After 3 rounds of carbo/taxol chemo for UPSC 1A, I started external radiation last week. Had to suffer some indignities for simulation/set up (my 'changing room' is a tech holding up a hand towel; got all sorts of markers inserted in the va-jay-jay with various techs in the room; had photos taken while half-naked lying on a table with a marker in the vaj) but nothing was physically uncomfortable and all the techs have been super.

Radiation is a daily thing. I go in to the treatment room, the tech holds up a towel, I pull my pants to my ankles, lie on a table, get zapped, pull up my pants and leave. The whole thing takes about 7 minutes and the staff is pretty punctual about the schedule.

One week in and so far no side effects. Doc says the side effects are cumulative, and will include sunburn-like burns on the three zap sites, fatigue and diarrhea. All should be temporary, and any diarrhea should be treatable with Immodium.

Since it's still early in the treatment, I went back to work today. I'm doing 6-hour days with the right to take more time off if things get bad later on. I'm still feeling good and energetic, and hope to remain that way :)

Liz in Dallas

pakb56
Posts: 141
Joined: Jan 2012

Liz...that is the schedule I am on but behind you. My second round of chemo is March 7. How long did you have to wait after your 3rd chemo before radiation started? 6 weeks, 5 days seems like forever!

I hope you continue to feel well. Stay strong!

Pat

LizGrrr's picture
LizGrrr
Posts: 124
Joined: Nov 2011

Hi Pat -

I had chemo on December 12, January 3 and January 23. Had my post-chemo visit with the oncologist February 9 (about 2 1/2 weeks after the last chemo) where he recommended radiation and further chemo, had the radiation consult on February 13, the simulation on Feb 17, and started Monday Feb 20. I'll be done at the end of March, will have a 4-6 week break and then 3 more rounds of chemo.

I should be done with everything around July 4th (Independence from Oncology Day!), which means it would be 8 1/2 months from diagnosis to treatment completion. When I put it like that all I think is 'wow'.

Liz in Dallas

imackie48
Posts: 88
Joined: Nov 2011

Liz, is that called brachytherapy, that's what's recommend for me, after my chemo, what's the different?
Irene

CindyGSD's picture
CindyGSD
Posts: 191
Joined: Aug 2011

I can answer that since I've had both. Liz is referring to external radiation where the beam of radiation is sent threw the skin. Brachytherapy is internal where the radiation is actually put in your vaginal cuff, usually for 3 to 5 treatments. A lot more invasive, but the treatment is shorter and you usually have few if any side effects.

Take care,
Cindy

CindyGSD's picture
CindyGSD
Posts: 191
Joined: Aug 2011

Interesting you had to have something inserted up "there" for mapping. I didn't. It was pretty noninvasive other than pulling my pants down to my HIPS every day for treatment. I wonder why things are so different from doctor to doctor when we are all basically getting the same thing.

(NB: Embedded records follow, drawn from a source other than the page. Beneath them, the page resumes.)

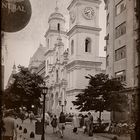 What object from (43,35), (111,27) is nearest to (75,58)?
(111,27)

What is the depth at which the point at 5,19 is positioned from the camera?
3.81 metres

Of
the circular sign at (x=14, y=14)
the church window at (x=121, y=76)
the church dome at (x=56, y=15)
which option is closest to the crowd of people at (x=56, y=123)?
the church window at (x=121, y=76)

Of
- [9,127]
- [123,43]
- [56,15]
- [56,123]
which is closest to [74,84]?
[56,123]

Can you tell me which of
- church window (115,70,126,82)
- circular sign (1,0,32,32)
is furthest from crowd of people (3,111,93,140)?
circular sign (1,0,32,32)

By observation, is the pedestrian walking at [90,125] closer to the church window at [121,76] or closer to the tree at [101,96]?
the tree at [101,96]

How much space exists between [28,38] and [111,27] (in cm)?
111

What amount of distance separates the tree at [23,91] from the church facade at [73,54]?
15 centimetres

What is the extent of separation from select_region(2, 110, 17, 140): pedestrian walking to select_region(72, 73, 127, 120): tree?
3.04ft

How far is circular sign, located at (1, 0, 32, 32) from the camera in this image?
380cm

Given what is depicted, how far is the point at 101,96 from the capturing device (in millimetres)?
4477

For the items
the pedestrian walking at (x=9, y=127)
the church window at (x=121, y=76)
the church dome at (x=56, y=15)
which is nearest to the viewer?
the pedestrian walking at (x=9, y=127)

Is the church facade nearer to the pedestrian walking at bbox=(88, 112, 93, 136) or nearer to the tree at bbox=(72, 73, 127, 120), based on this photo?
the tree at bbox=(72, 73, 127, 120)

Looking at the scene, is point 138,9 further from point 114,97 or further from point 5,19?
point 5,19

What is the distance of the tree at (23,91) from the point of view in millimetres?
3880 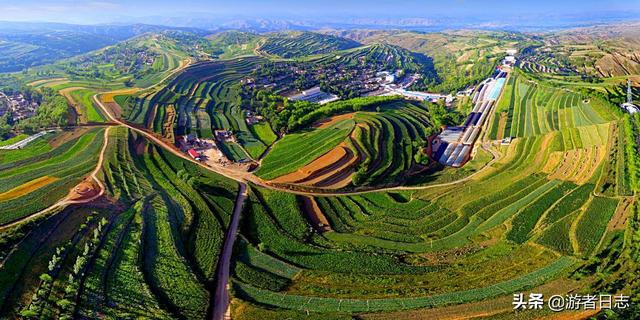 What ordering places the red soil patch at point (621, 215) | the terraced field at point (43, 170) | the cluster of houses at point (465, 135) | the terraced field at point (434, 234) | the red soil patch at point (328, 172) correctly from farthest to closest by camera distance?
the cluster of houses at point (465, 135) → the red soil patch at point (328, 172) → the terraced field at point (43, 170) → the red soil patch at point (621, 215) → the terraced field at point (434, 234)

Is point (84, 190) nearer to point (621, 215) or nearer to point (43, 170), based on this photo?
point (43, 170)

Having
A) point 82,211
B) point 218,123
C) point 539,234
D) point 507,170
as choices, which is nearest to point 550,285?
point 539,234

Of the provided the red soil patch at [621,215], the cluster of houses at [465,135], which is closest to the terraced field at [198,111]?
the cluster of houses at [465,135]

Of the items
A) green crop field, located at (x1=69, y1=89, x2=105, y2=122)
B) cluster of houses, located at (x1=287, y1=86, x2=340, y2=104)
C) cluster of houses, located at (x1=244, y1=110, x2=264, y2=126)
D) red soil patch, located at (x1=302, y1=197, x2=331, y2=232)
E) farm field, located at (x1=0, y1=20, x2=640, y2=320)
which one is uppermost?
green crop field, located at (x1=69, y1=89, x2=105, y2=122)

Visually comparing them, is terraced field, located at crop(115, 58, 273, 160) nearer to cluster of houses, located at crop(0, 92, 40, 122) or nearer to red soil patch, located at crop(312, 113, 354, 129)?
red soil patch, located at crop(312, 113, 354, 129)

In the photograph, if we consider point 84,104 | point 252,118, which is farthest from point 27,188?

I didn't have an issues with radiation other than more frequent bowl movements. Hopefully all will go well with you too.

Take care,
Cindy

pakb56
Posts: 141
Joined: Jan 2012

So much to look forward to! Keep smiling sisters!

LizGrrr's picture
LizGrrr
Posts: 124
Joined: Nov 2011

What a delightful subject line, haha!

My doc recommended external radiation because my uterus and the UPSC tumor were morcellated during my hyserectomy, since at the time we had no clue the tumor was there and I was so far out of the classic profile of an at-risk-for-UPSC person. External is more generalized radiation than internal.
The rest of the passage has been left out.